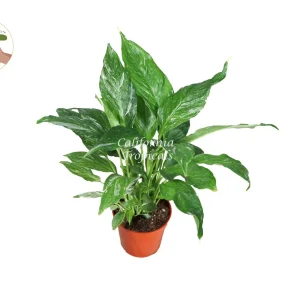 Variegated Peace Lily Domino Live Plant 4'' Pot - Spathiphyllum Indoor - Image 1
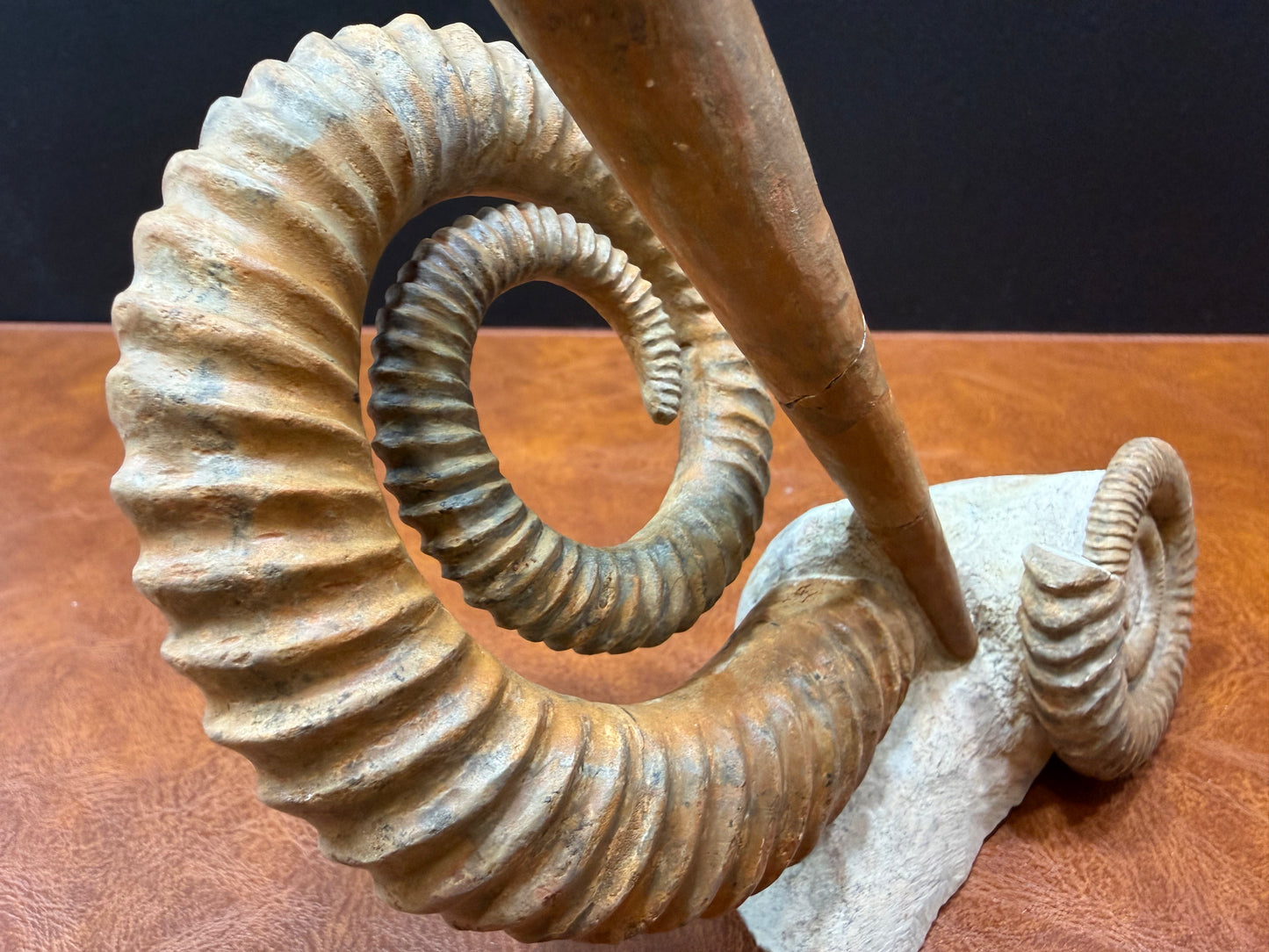 Anetoceras Ammonite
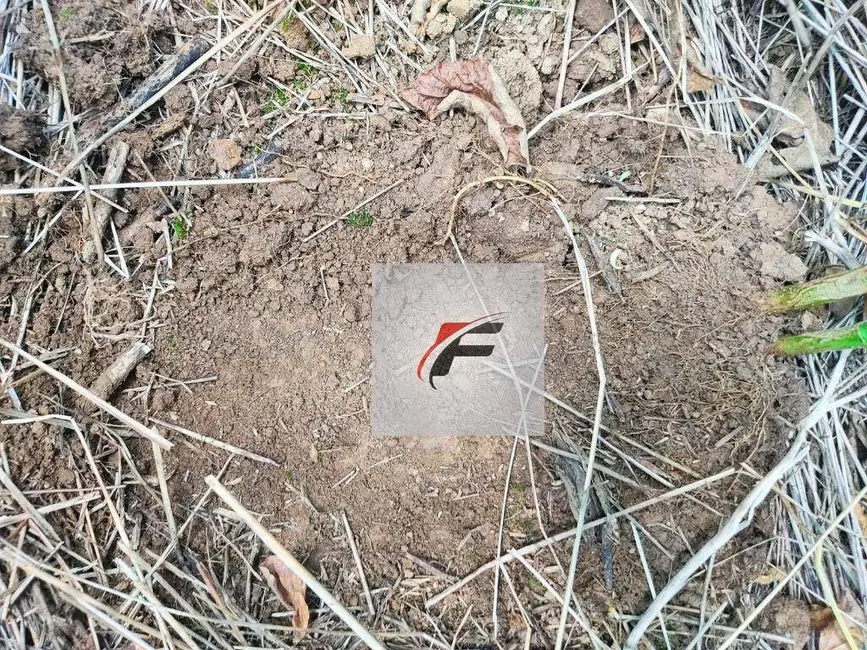 Foto 9 de Chácara com 3 quartos à venda, 108900m2 em Lapa - PR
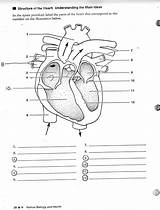 Heart Diagram Blank Human Labels Drawing Unlabeled Worksheet Labeling Anatomy System Unlabelled Label Simple Cliparts Class Circulatory Worksheets Parts Structure sketch template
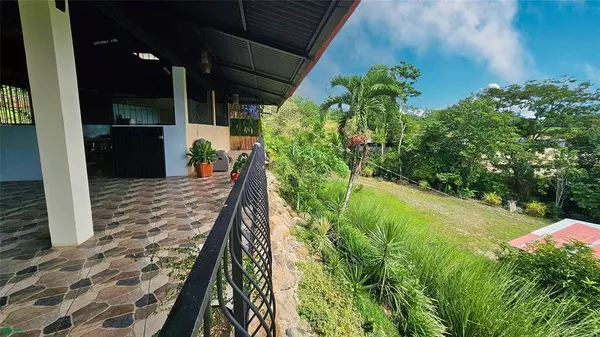 Finca Interamericana, Daniel Flores, SanJose 11903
--------
● WORK TO BE COMPLETED:
Set down every record exactly as written, but drop the pictures.

● ANSWER BOX:
 Variegated Peace Lily Domino Live Plant 4'' Pot - Spathiphyllum Indoor - Image 1
 Anetoceras Ammonite
 Foto 9 de Chácara com 3 quartos à venda, 108900m2 em Lapa - PR
 Heart Diagram Blank Human Labels Drawing Unlabeled Worksheet Labeling Anatomy System Unlabelled Label Simple Cliparts Class Circulatory Worksheets Parts Structure sketch template
 Finca Interamericana, Daniel Flores, SanJose 11903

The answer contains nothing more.